Telefon ma również częstotliwość wprowadzania dotykowego 480 Hz. Wyświetlacz przeprowadza skan w poszukiwaniu palca 480 razy na sekundę, czyli 8 razy szybciej niż przeciętny smartfon. Jest to szczególnie przydatne w grach, ponieważ dotyk jest szybko odbierany, co zapewnia bardziej płynną rozgrywkę i szybszy czas reakcji.  Trzeba jednak zaznaczyć, że model ten ma i minusy: Mi 11 nie jest wodoszczelny, brakuje mu wejścia na słuchawki, a bateria jest dosyć głośna.
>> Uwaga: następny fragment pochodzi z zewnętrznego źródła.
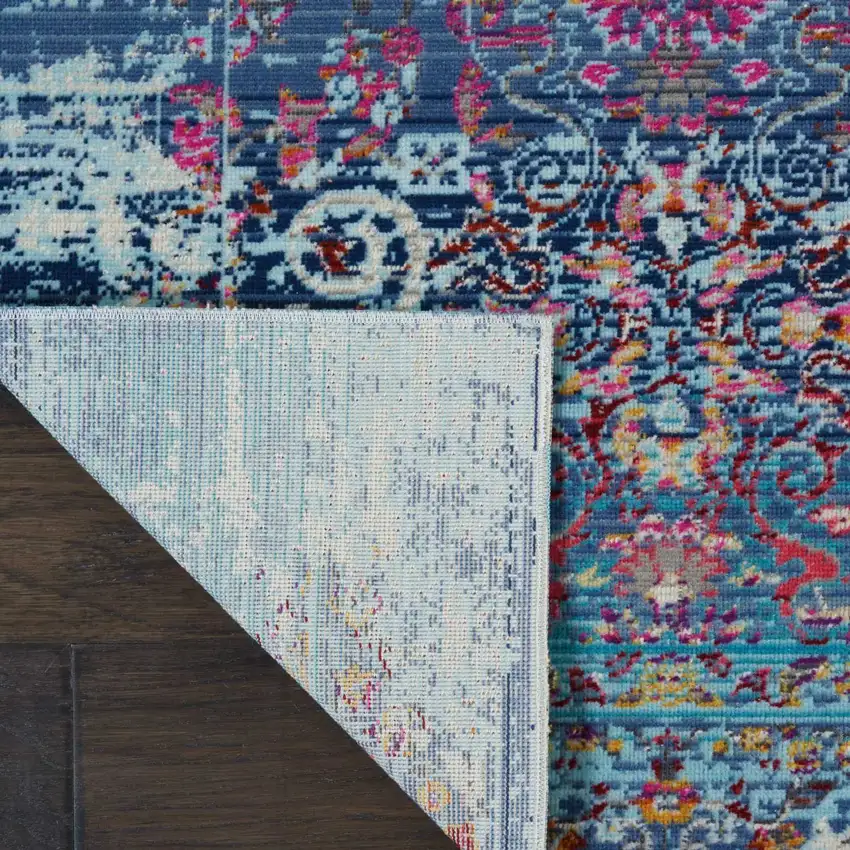 Blue Red And Orange Floral Distressed Area Rug Photo 7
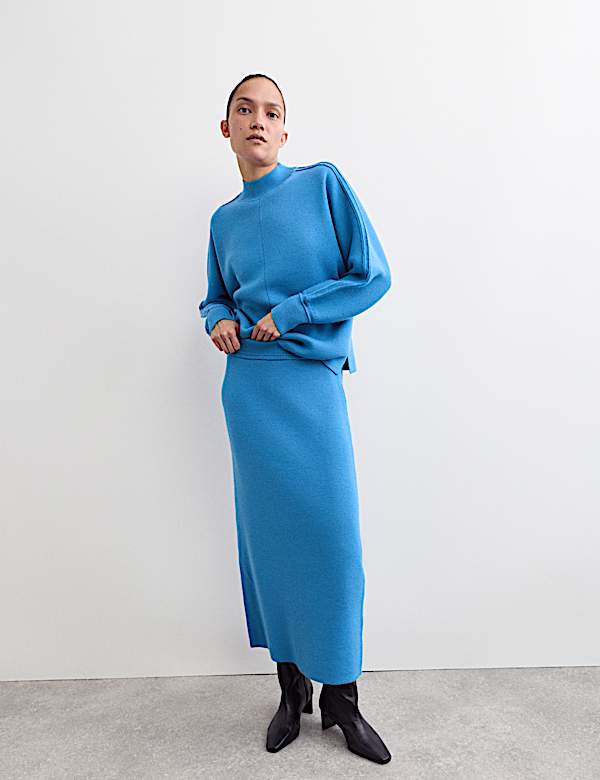 Pure Merino Wool Midi Knitted Skirt - GR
Xiaomi Black Shark 4 i Pro – granie na poziomie

„Czarne rekiny” to modele przeznaczone do grania. Mimo braku 16 GB pamięci RAM, mogą śmiało konkurować z Nubią Red Magic 6 lub Asusem ROG Phone 5. A jak wyglądu w zestawieniu np. z Xiaomi Black Shark 3 Pro? W porównaniu do poprzednich modeli, Xiaomi niekoniecznie je poprawiło.
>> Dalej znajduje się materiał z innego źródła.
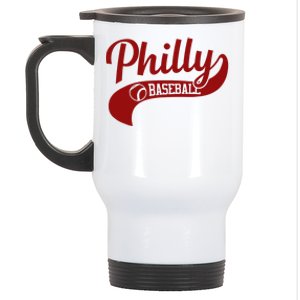 Philly Baseball Player Stainless Steel Travel Mug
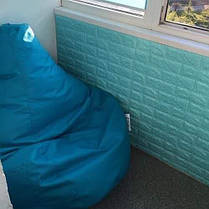 3D панель самоклеюча 70х77см х 5мм Шпалери під декоративну цеглу Самоклейка 3Д бірюза, фото 4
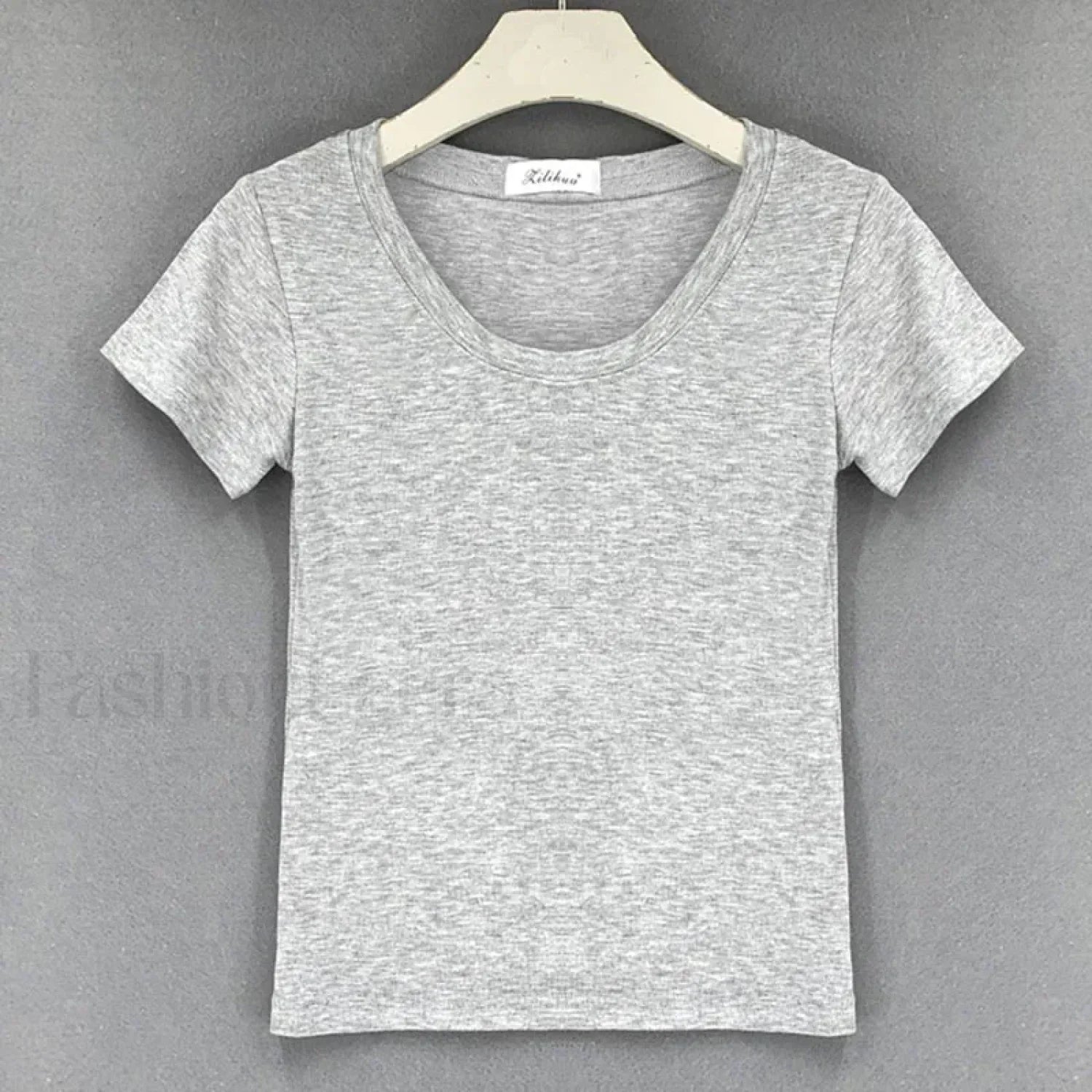 Casual Basic Femme Short Sleeve Tee GRAY / One Size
BS 4 i Pro mają ekrany o przekątnej 16,3 centymetrów, rozdzielczości FHD + (1080 x 2400), częstotliwości odświeżania 144 Hz i szybkości wprowadzania dotykowego 720 Hz. Ta ostatnia cecha ma spore znaczenie przy używaniu telefonu do gier. Modele te nie przypominają telefonów dla graczy, a raczej zwykłe smartfony – nie mają ostrych końców ramek czy wyrazistych i kolorowych tekstur. Jednym z wyróżników jes znak „X”, całkiem elegancko wtopiony w szkło i „wibrujący” w zależności od tego, jak pada na niego światło. Z wizualnych gadżetów, pod tylnymi soczewkami dodano pulsujący trójkąt. Pod względem designu i specyfikacji 4 różni się zdecydowanie od Black Shark 3. Black Shark 3 Pro jest większy – ma prawie 18 cm przekątnej – dokładnie 177 mm, pracuje w wyższych rozdzielczościach (1440 x 3120), ma lepszą baterię, jednak tylko 90 Hz i niższą jasność (500 nitów, gdy w BS 4 Pro to już 1300).
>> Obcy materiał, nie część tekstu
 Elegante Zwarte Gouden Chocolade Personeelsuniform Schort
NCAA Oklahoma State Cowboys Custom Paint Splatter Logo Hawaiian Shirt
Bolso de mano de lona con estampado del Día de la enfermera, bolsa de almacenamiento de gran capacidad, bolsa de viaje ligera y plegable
Niby zaimplementowano szybszy procesor Snapdragon 888 (BS3 Pro Snapdragon 865, BS 4 – 870), ale kosztem nagrzewania się. Stąd zapewne dodatkowy moduł chłodzenia i szybkie ładowanie, prawie 3-krotnie szybsze niż w BS Pro 3.

Znaczącą zmianą są też dotykowe triggery na obudowie i dwa fizyczne przyciski. Podczas grania można im przypisać dodatkową funkcję mapowania w panelu sterowania. W praktyce otrzymujemy jakby 2 dodatkowe „palce”, podczas gdy kciuki służą do przemieszczania się i manipulowania kątami, szczególnie w shooterach. Wyświetlacz jest zoptymalizowany pod co najmniej 10 popularnych gier. Triggerów można używać również podczas codziennego korzystania z telefonu – kadrowania zdjęć czy przypisania im funkcji specjalnych.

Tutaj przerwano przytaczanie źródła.